**Data for the task**
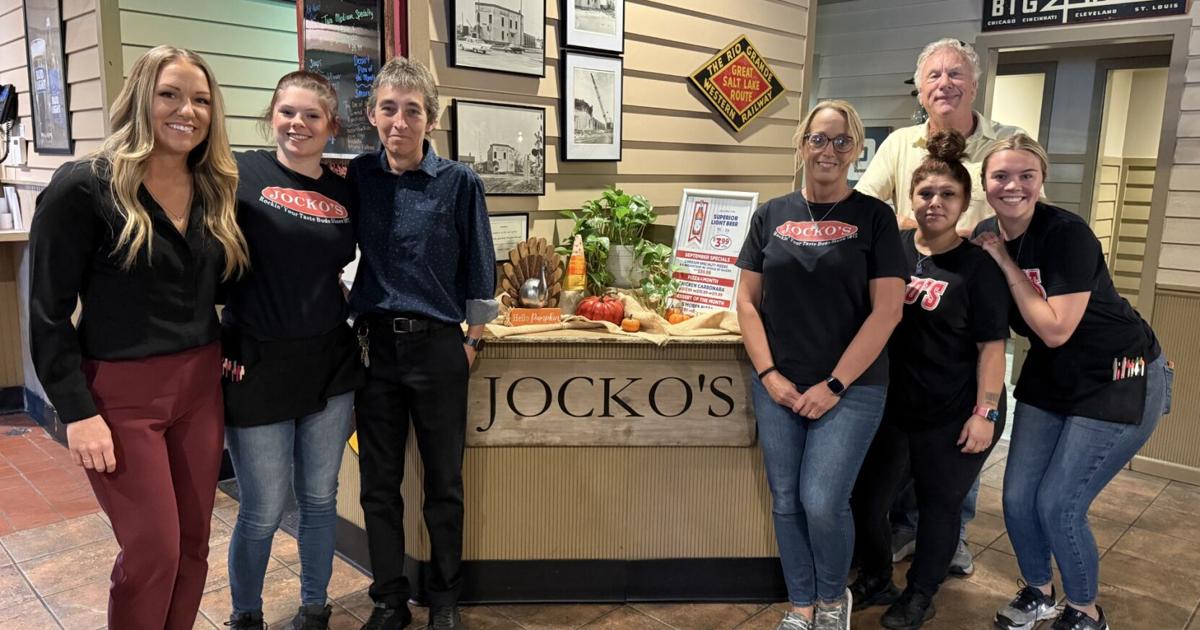 Having fun on Illinois 1 | Danville family continues tradition of restaurants | Restaurants Having fun on Illinois 1 | Danville family continues tradition of restaurants | Restaurants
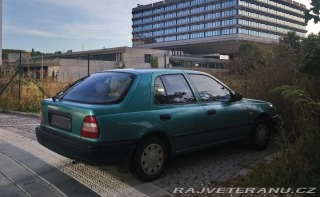 Nissan Sunny Sunny 1.4LX 1995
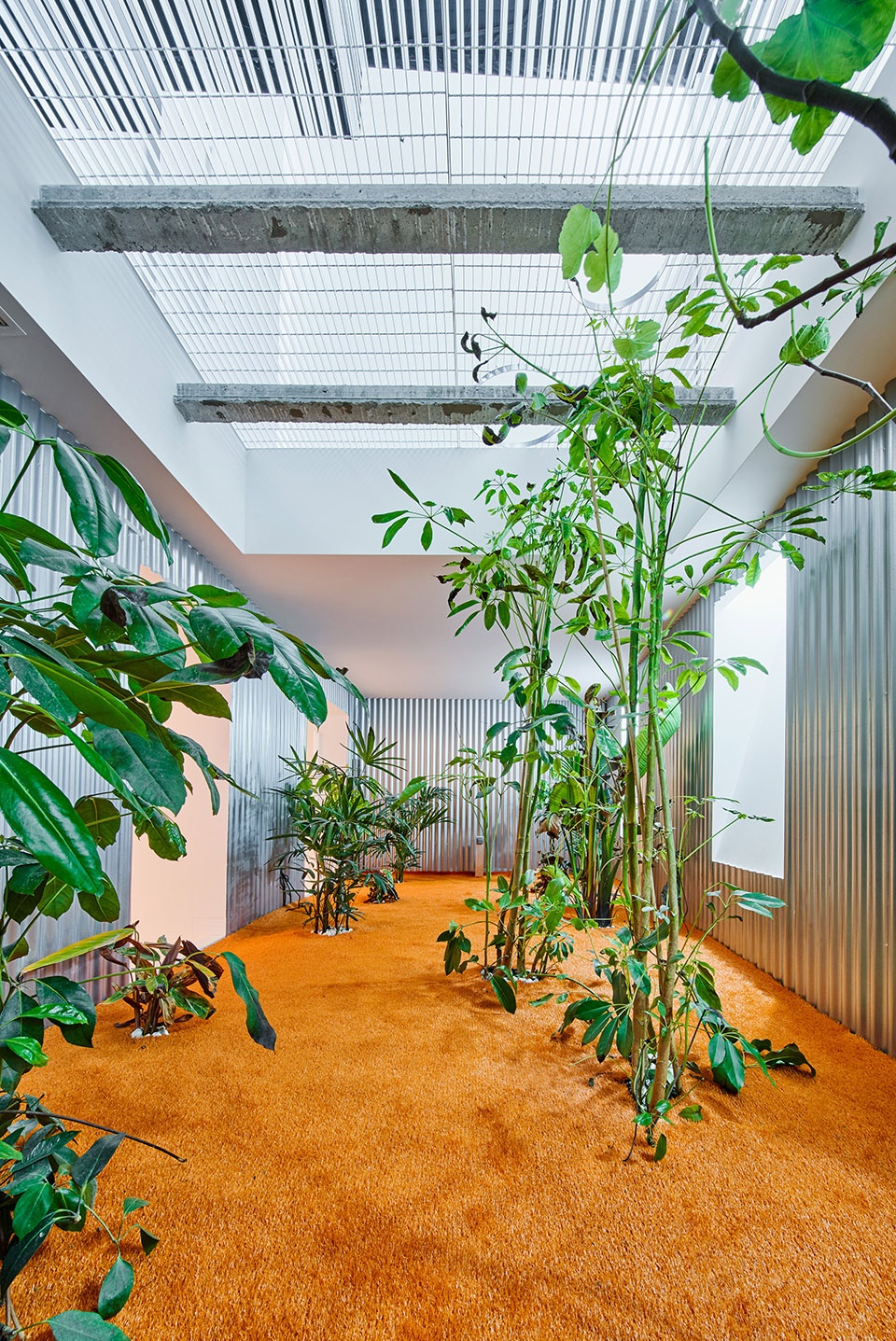 casa a12 by lucas y hernandez gil arquitectos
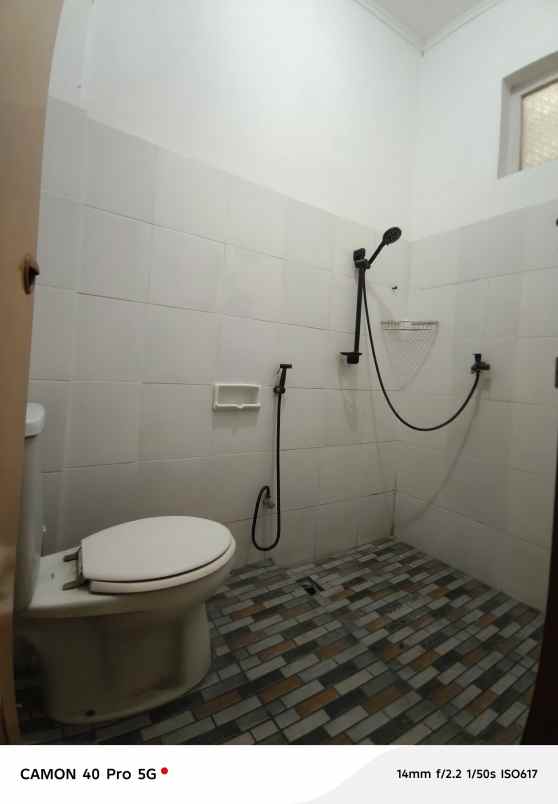 dijual rumah secondary terawat dalam komplek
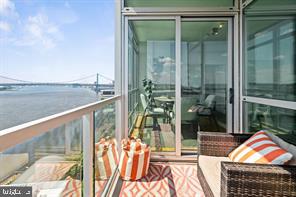 WATERFRONT SQUARE - Residential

**Exercise**
A word-for-word transcription of the entries above, free of images, is what is wanted.

**Solution for this exercise**
 Having fun on Illinois 1 | Danville family continues tradition of restaurants | Restaurants Having fun on Illinois 1 | Danville family continues tradition of restaurants | Restaurants
 Nissan Sunny Sunny 1.4LX 1995
 casa a12 by lucas y hernandez gil arquitectos
 dijual rumah secondary terawat dalam komplek
 WATERFRONT SQUARE - Residential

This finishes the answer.